The legacy of Moshe Arens

Arens’ role as a leader of our people was coupled with his private life as an aeronautical engineer, researcher, diplomat and politician.

Then-defense minister Moshe Arens answers a reporter’s question during a press conference with Secretary of Defense William S. Cohen in the Pentagon on April 27, 1999 (photo credit: Wikimedia Commons)
Then-defense minister Moshe Arens answers a reporter’s question during a press conference with Secretary of Defense William S. Cohen in the Pentagon on April 27, 1999
(photo credit: Wikimedia Commons)
Moshe Arens, one of my heroes and of the Jewish people, died on January 7, 2019 at the age of 93.
Seven years ago I had the honor to interview him in Jerusalem, focusing upon his authorship of his classic Flags Over The Warsaw Ghetto (Gefen Publishing). While my review focused primarily upon the inspirational role played by Rabbi Menachem Ziemba, the face to face experience with Arens was in and of itself a memorable experience. The narrative below will attest to this.
Arens’ role as a leader of our people was coupled with his private life as an aeronautical engineer, researcher, diplomat and politician.
Born in Lithuania to a family whose mother was a dentist and father an industrialist, Arens saw his world change when the family immigrated to the United States in 1939, just one step ahead of the outbreak of World War II and the Holocaust.
During the war Arens served in the US Army Corps of Engineers as a technical sergeant. He was to settle in Israel in 1948 and join the Irgun. In 1951 he returned to the United States and studies engineering at MIT and aeronautical engineering at the California Institute of Technology. He later married Murial Eisenberg and together had two sons and two daughters.

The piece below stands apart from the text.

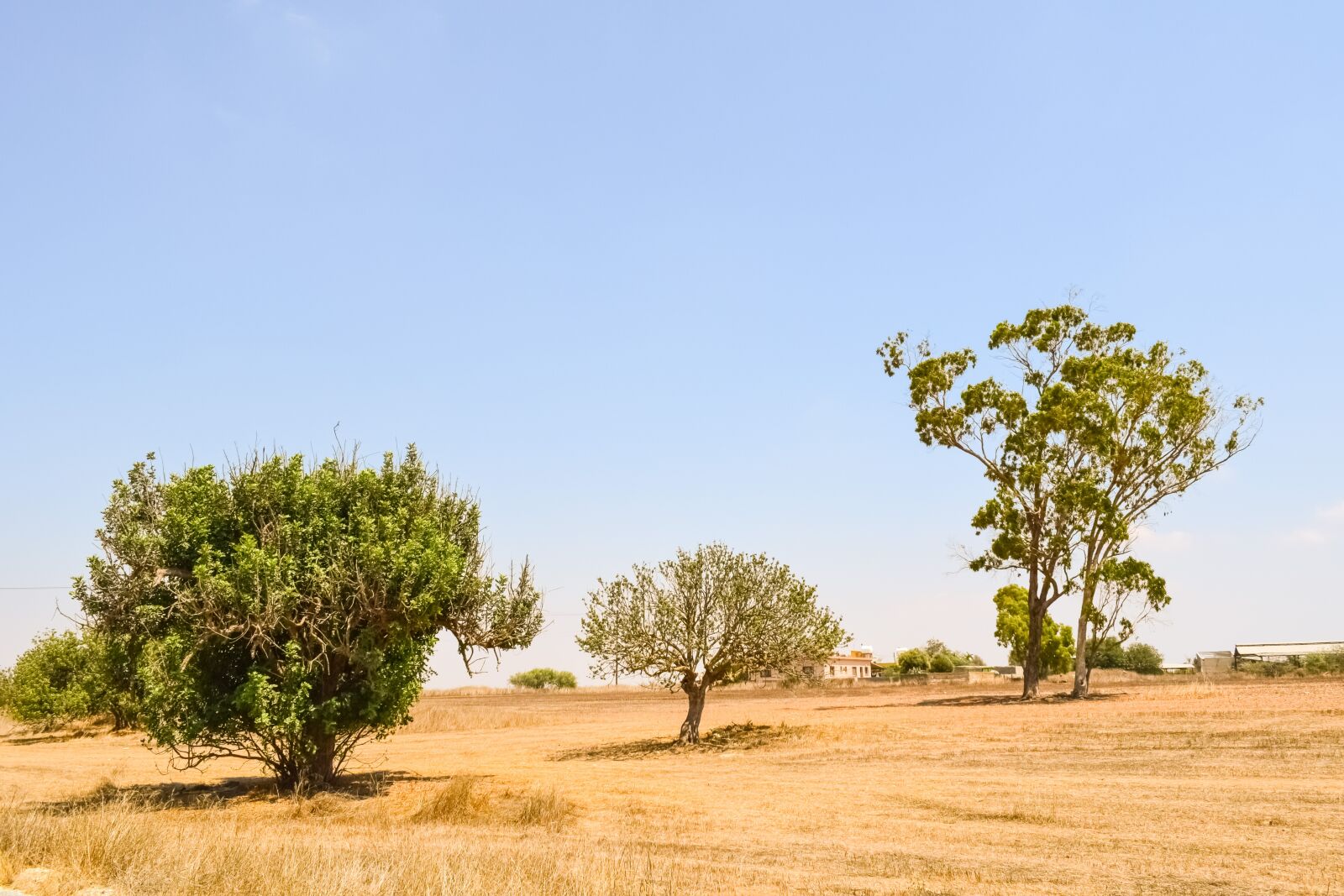 Nikon D3300 sample photo. Trees, meadow, landscape photography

He returned to Israel and in 1957 became a professor at the Technion. He was to later devote of lot of his study to the role of the Jewish Military Union in the Warsaw Ghetto which fought alongside the Jewish Combat Organization in the Warsaw Ghetto Uprising. He was soon to devote most of his public career to politics rising within the Likkud Party to serve in several prominent capacities, as foreign minister, defense minister as well as a member of the Knesset. The following is a tribute to his memory that, in my opinion says it all about the living legacy of Moshe Arens.
In their tribute to his memory the editors of The New York Sun (January 7, 2019) wrote the following:
“We didn’t know Arens well. In each of the several times we interviewed him,  though, he made an impression for the shrewdness of his analysis and the quiet strength of his character.”
Further on in this tribute the editors focused upon Arens’ devotion to the Warsaw Ghetto revolt and the unique role that both the left and right united in their common struggle to defeat the Nazis.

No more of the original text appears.